Set down, exactly, every line from the top of the listing through the one holding "46 Ivy Ln, Stormville, NY 12582".

◆ PROVIDED ENTRIES:

Segment Open

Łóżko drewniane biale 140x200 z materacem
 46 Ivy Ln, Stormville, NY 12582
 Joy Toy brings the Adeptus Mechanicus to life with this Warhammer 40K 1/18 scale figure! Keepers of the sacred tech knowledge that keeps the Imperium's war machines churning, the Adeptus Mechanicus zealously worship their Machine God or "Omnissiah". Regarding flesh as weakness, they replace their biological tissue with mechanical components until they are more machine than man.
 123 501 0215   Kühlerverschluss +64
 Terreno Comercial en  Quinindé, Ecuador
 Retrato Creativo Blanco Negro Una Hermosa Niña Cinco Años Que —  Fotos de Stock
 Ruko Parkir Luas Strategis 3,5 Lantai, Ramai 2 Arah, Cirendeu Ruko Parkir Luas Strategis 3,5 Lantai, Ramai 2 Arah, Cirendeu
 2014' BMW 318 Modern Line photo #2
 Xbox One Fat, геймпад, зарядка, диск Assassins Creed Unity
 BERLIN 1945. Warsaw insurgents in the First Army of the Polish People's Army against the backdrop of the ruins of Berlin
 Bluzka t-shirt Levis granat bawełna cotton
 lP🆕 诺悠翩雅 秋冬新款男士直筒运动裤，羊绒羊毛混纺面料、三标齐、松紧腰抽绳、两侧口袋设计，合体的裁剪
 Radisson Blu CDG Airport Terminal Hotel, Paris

Segment Closed

◆ SOLUTION TO THIS PROBLEM:
Łóżko drewniane biale 140x200 z materacem
 46 Ivy Ln, Stormville, NY 12582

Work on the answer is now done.